New Issue: Reliant Energy aims for $1 billion in preferred, term loan arrangements

By Devika Patel

Knoxville, Tenn., Sept. 29 - Reliant Energy Inc. has arranged to raise $1 billion through a $650 million term loan from GS Loan Partners and an agreement to issue $350 million of convertible preferred stock, which will be issued to First Reserve Corp., according to an 8-K filed Monday with the Securities and Exchange Commission.

Each of these deals is contingent upon certain conditions, including reaching definitive agreements with Merrill Lynch regarding termination of the credit-enhanced retail structure.

The loan matures in November 2012. It has an initial interest at Libor plus 4.5% with a floor of Libor plus 3.75%.

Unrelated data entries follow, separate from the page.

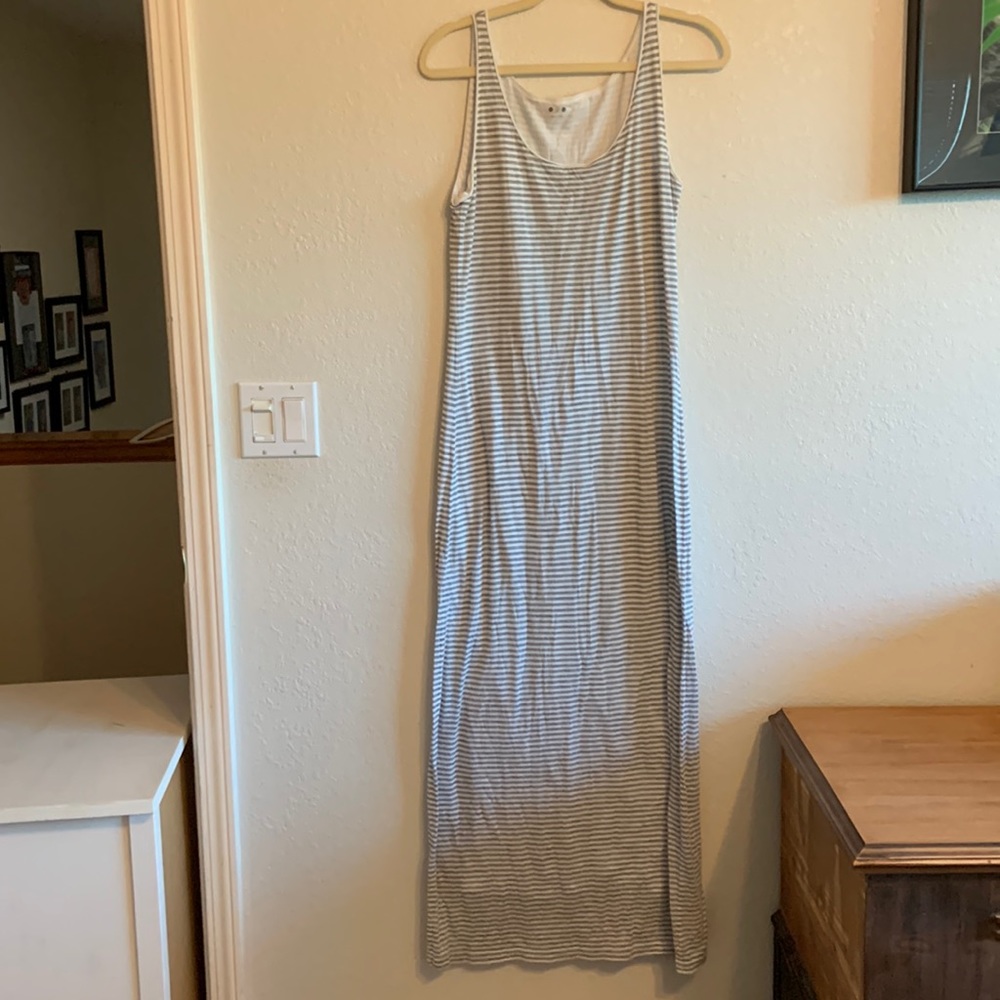 Three Dots tank top maxi sundress. Size:medium. Like new condition.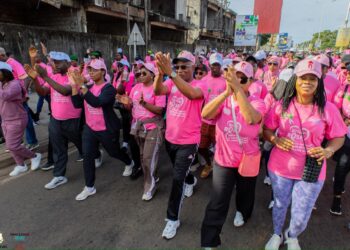 Marche de sensibilisation contre le cancer du sein et du col de l&rsquo;utérus: une mobilisation citoyenne pour la santé de tous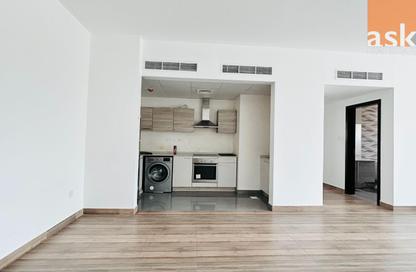 Apartment - 2 Bedrooms - 2 Bathrooms for rent in Al Juffair - Capital Governorate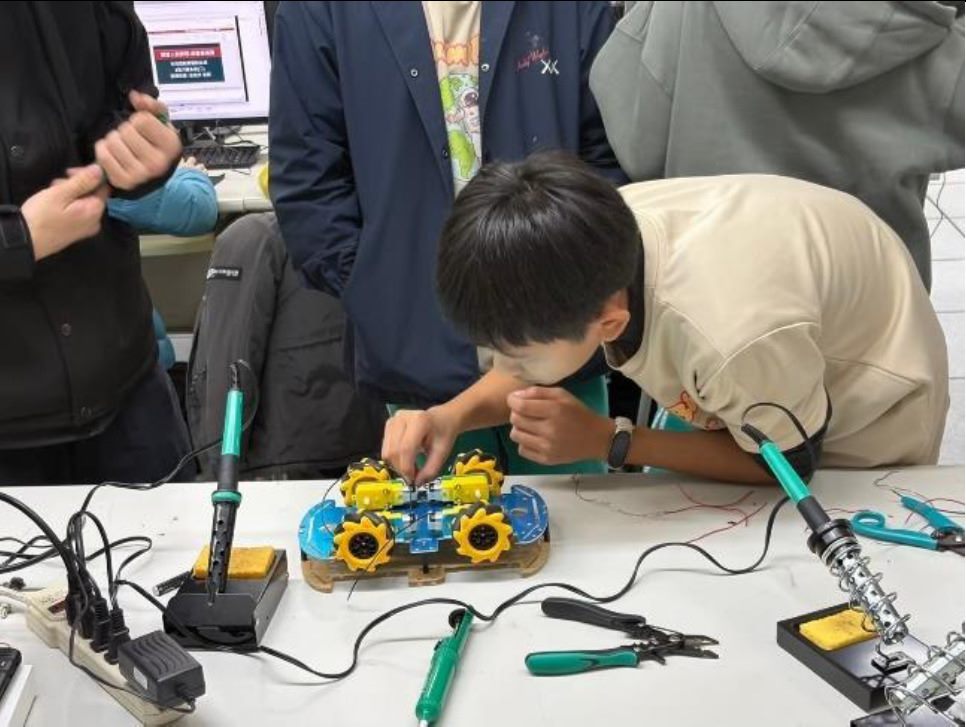 臺北市服務學習典範  青年以行動陪伴弱勢孩童...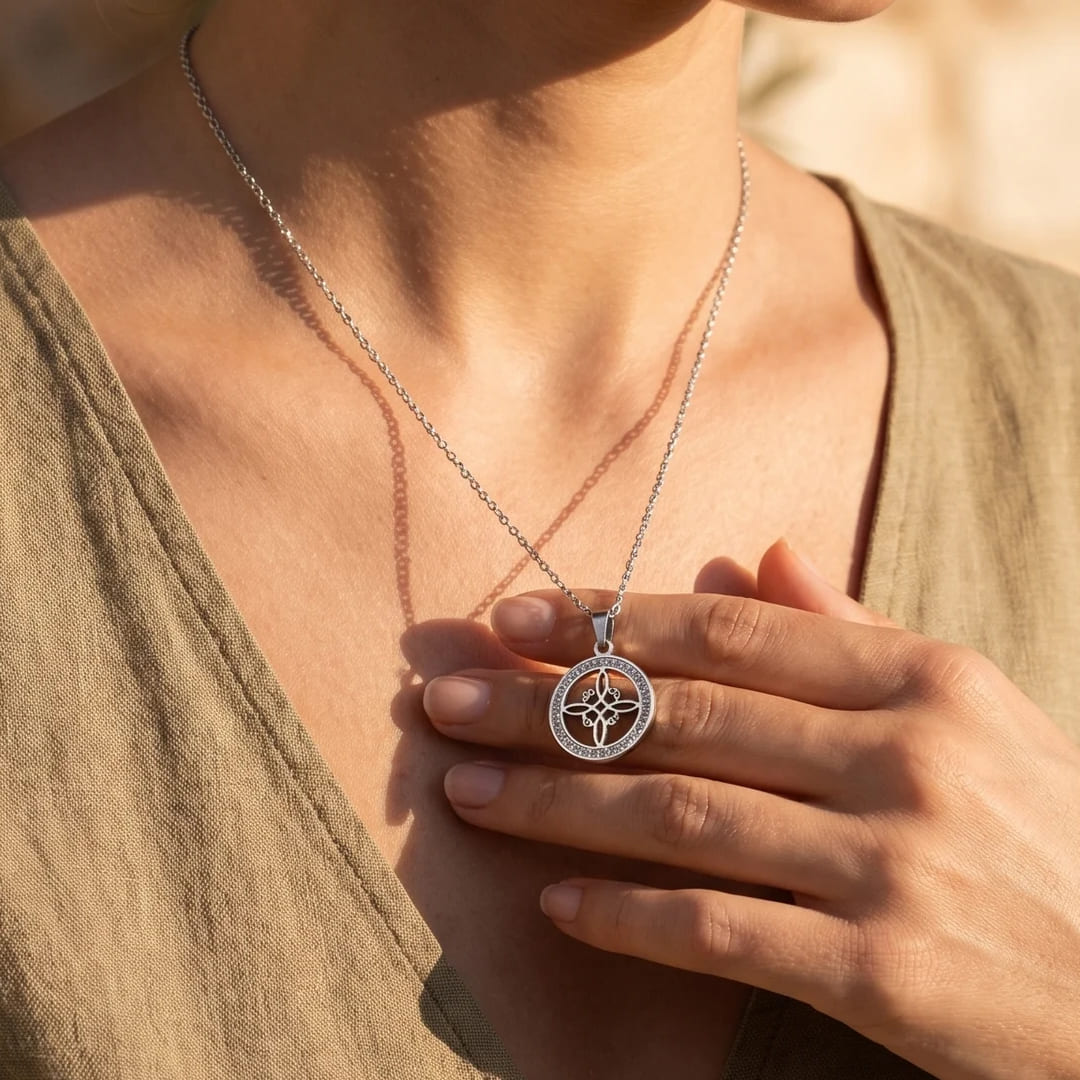 "Witch's Knot" Pendant - Divine Protection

The 350,000 preferreds will be sold at $1,000 apiece. They pay 14% in cash dividends and are convertible at the lesser of $11 and lowest 20-day volume weighted average price of the company's common stock during the six months after closing, with a floor of $8.00.

Holders may force redemption if a change-of-control event occurs, or after the seventh anniversary.

The company may call the preferreds after the third anniversary for the face amount plus dividends, plus a make-whole premium if the redemption is before the fifth anniversary.

Reliant Energy, based in Houston, provides electricity and energy services to retail and wholesale customers in the United States.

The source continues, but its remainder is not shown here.